There are many who claim that the question as to what is time is one of the hardest. It is comforting, however, that the notion of time does not have to be understood in order to sense time. Therefore, science and philosophy debate about time, while we live satisfied with naive-objectivist conceptions, contrary to the truth, and close to our need for time: lost time, hard time, optimistic time, stolen time….

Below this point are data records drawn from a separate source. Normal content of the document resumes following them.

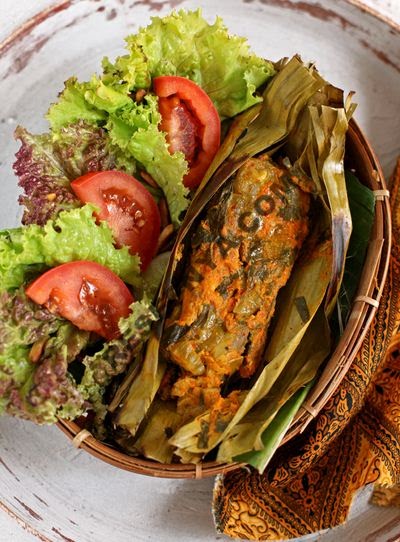 Aneka Resep: Pepes Ikan Tongkol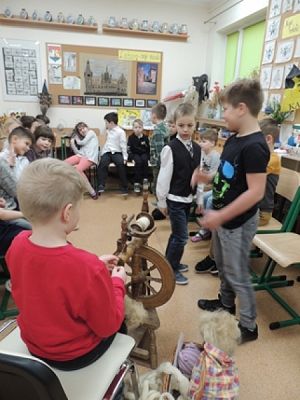  Grafika #3: ,,KROSNO, OSNOWA – WARSZTATY TKACKIE grafika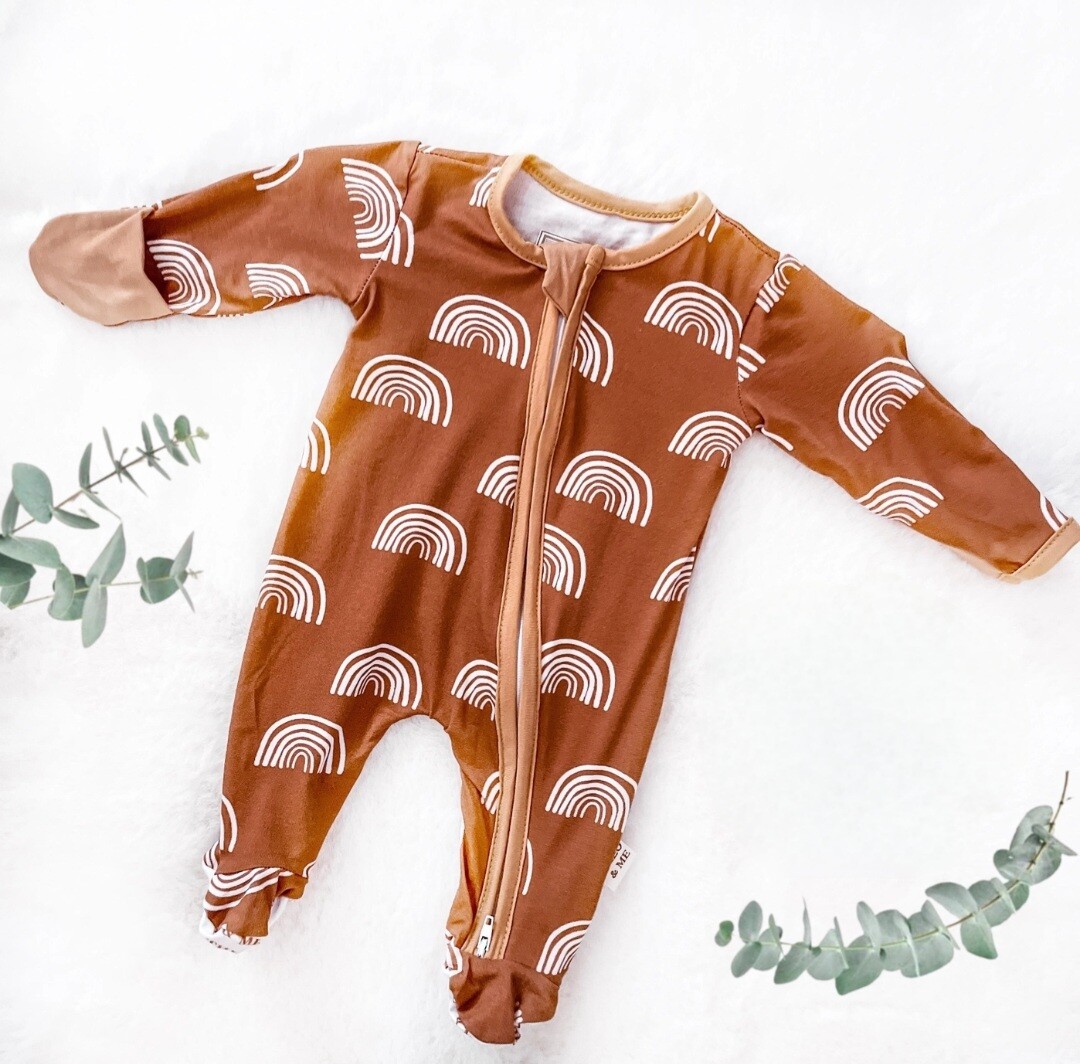 Baby Neutral Printed Bamboo/
Rainbow Zippy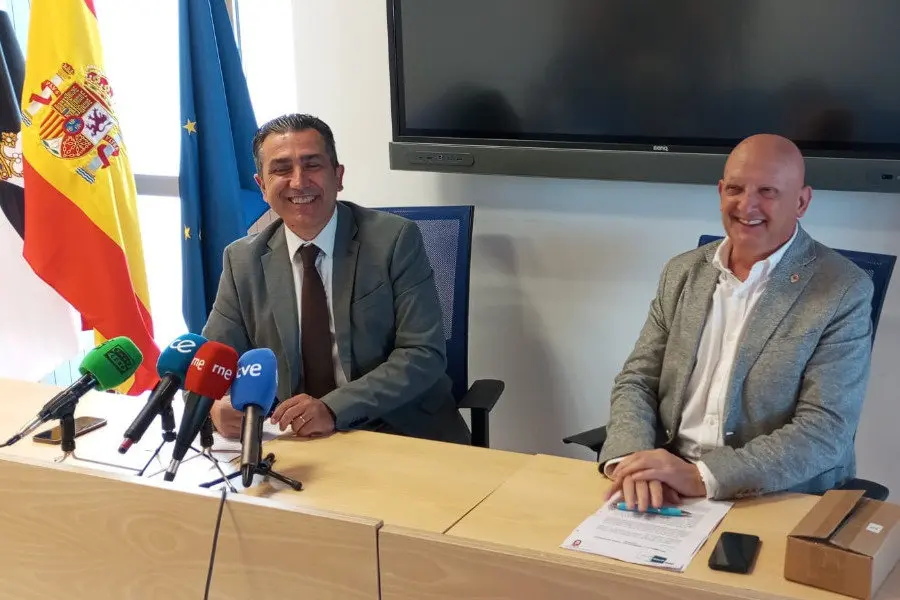  Carlos Rontom&eacute;, director de la UNED, a la izquierda, junto a Enrique &Aacute;vila, secretario del centro/ Archivo 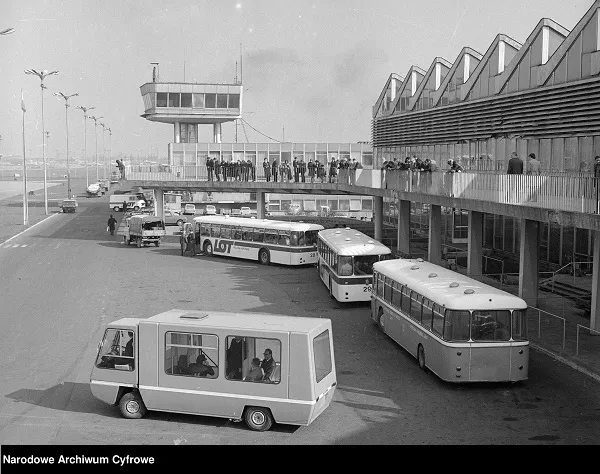 4384540-autokary-i-ludzie-na-tarasie-na-pierwszym-planie-autobus-lotniskowy-st.jpg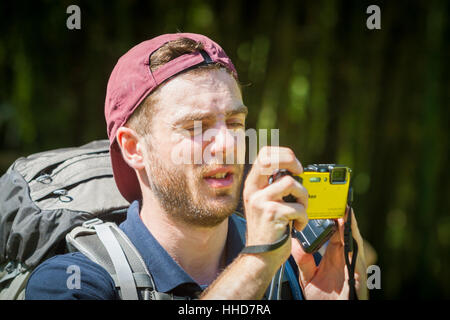 Mann mit der Kamera ein Foto auf seinen Reisen, weißen kaukasischen 25-35 Stockfoto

In accord with our interest for the time that oscillates within a range of before and after, appearing as continuance, arising and maturation, becoming, by the way, experience of our existence (Bergson), the contest rules for the exhibition Time After consider the period of five years from graduation, as well as the art production within past two years, from 2008 until today. The accent on the period following graduation, Masters or doctoral degree, is a consequence of a presumption that this period can unfold in many different ways, in self-sufficient idling, in inhibition and fear of public critic, in a burst of creativity or omnipresence.
Since the algorithm of change is inscribed in time, logically there has to exist a precondition for change, an alteration of opposites, a reversal from a state of motion into a state of stillness. Aristotle spoke his mind on this matter by claiming that the time is a measure of stillness as much as it is a measure of motion. Much later on, Aurelius Augustine interpreted time as the subjective and transcendental category that exists within soul, thanks to memory, a peculiar database where, by plunking incessantly, we place event within temporary relations. Throughout the whole history of time research there persisted the above mentioned opposing viewpoints. One holds that time is the reality of soul, of the subject in a process of self-observation. The other, opposing, deems that time exist as an absolute notion, mathematic time, evenly flowing regardless of any external phenomena (Newton). Later on, Einstein too will classify time as objective, though not absolute, but relative phenomenon, the fourth spatial dimension.
Still, most of the scholars have come to incline to the metaphysical comprehension of time, considering it as the determinant of man's psychic and perceptual nature. This gives us impetus to think about time in an entirely personal sense. Finally, Hegel too has postulated such an utterly speculative definition of time, by claiming that time is a characteristic of being in general, revealed to us as something external. Yet perhaps most poetic and most human lines on time come from Augustine, who asked whether time measurements are illusion, since what is to measure if times past now are no longer, and times future are not yet. We have no other option but to agree, that the sense of time is pertaining to a personal inner vision of the world. The space, time’s counterpart, we use to see the external world (Kant).
In many cases, visual art gives a hint of overlapping between space and time, touching our inner sense of transience or continuance through the external, visible world. Parameters such as perception, barely visible change, whether in tempo, whether in the dynamics of image or sound, wake up our inner counter and enable the observer to respond to the known sense of time-lapse, that according to Aristotle is inscribed in our memory. The perception of time is especially impinged upon by the works that represent movement or are movable themselves (video, film). This exhibition contains several such works. However, we shall not go into them for the reason that the exhibition’s motif lays somewhere else entirely. The author of the exhibition’s concept, Emanuela Santini, does not posit time as either a visual problem or task. Rather, her impulse lays with providing artists with motive for communication during the crucial period, after they leave the educational institutions. If time is a form of self-observation and self-reflection on a journey to the self-consciousness (Kant) and if art is the only authentic relation to oneself (Heidegger) than twenty six (26) authors coming from various educational formats and cultural milieus are a sufficient sample to answer the question: What are we going to do with the time after?